The 5 levels of Arabic localization: RTL architecture, market-specific microcopy, cultural UX adaptation, dialect-level localization, behavioral data segmented by market

Level 1: RTL architecture (table stakes) 

Built from the ground up, not mirrored. This is the floor. If you don't have this, nothing else matters.

Level 2: Market-specific microcopy (high leverage) 

Build separate copy decks for each market cluster – Gulf, Levant, and Egypt/North Africa – managed and tested by people on the ground in those markets. Tested with real users in those markets. talabat's localized CTA strategy is the benchmark here – same product, different language decisions per market, measurably different outcomes.

Level 3: Cultural UX adaptation (often skipped, always felt) 

Imagery, tone, trust signals, and information hierarchy should be adapted per market cluster. This is where the gap between "we have an Arabic product" and "Arabic users love this product" actually lives.

Level 4: Dialect-level localization (the ceiling, and Careem's edge) 

Not MSA. Not a regional approximation. The actual way people speak in the markets you serve. This is hard, expensive, and worth it. Careem's dialect-level work across the region set a standard that most MENA products still haven't reached.

Level 5: Behavioral data segmented by market (the unlock) 

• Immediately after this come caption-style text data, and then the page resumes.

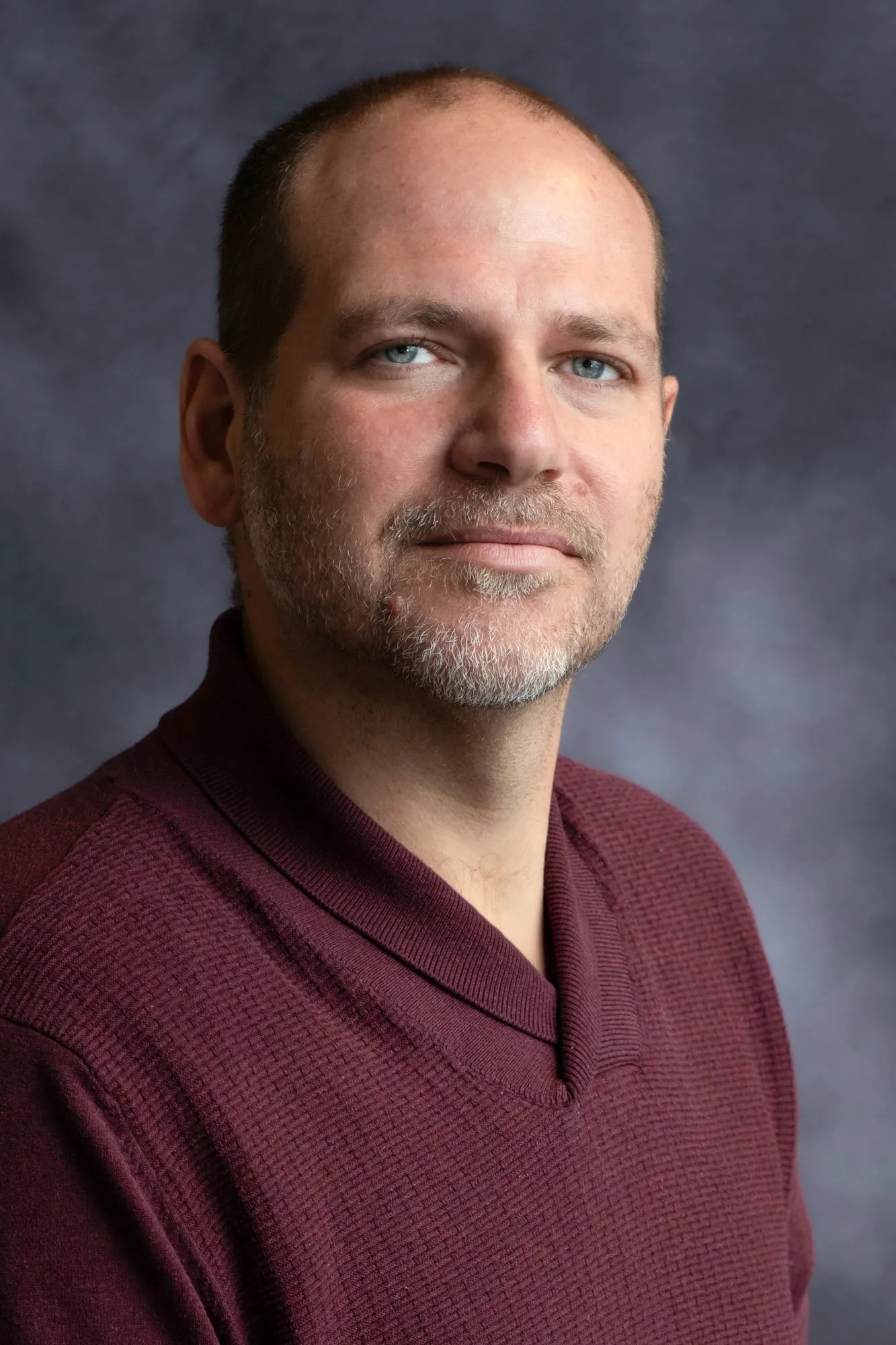 Why you don't look good in photos — and how a professional headshot photographer solves it — Sharon Gabay, headshot photographer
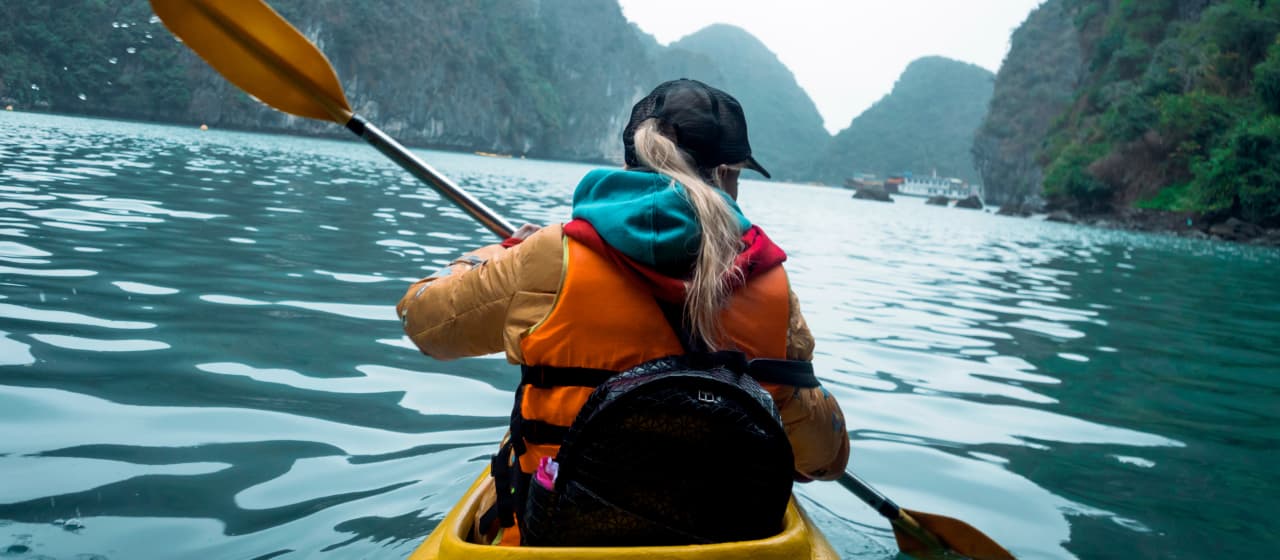 Master What To Wear Kayaking: Ultimate Layering Guide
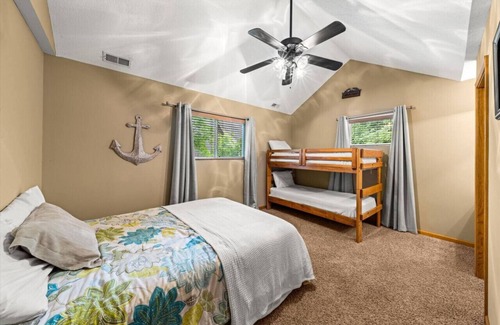 Flat Hollow Marina House | Lake It Easy Lakefront w/double dock + hot tub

Your Arabic users are not one cohort. The moment you start reading Egyptian user behavior separately from Saudi user behavior, you will see patterns you couldn't see before – and you will understand why your blended Arabic metrics have been lying to you.

The honest truth

The Arabic-first product mistake isn’t really a localization mistake. It's a prioritization mistake. It happens when Arabic markets are treated as an adaptation of a Western product rather than as a primary design context in their own right.

The companies that get this right – Careem and talabat are two of the clearest examples in the region – don't think about Arabic localization. They think about Arabic product design. The language comes first, the culture comes with it, and the market follows.

Every other approach is just a translation.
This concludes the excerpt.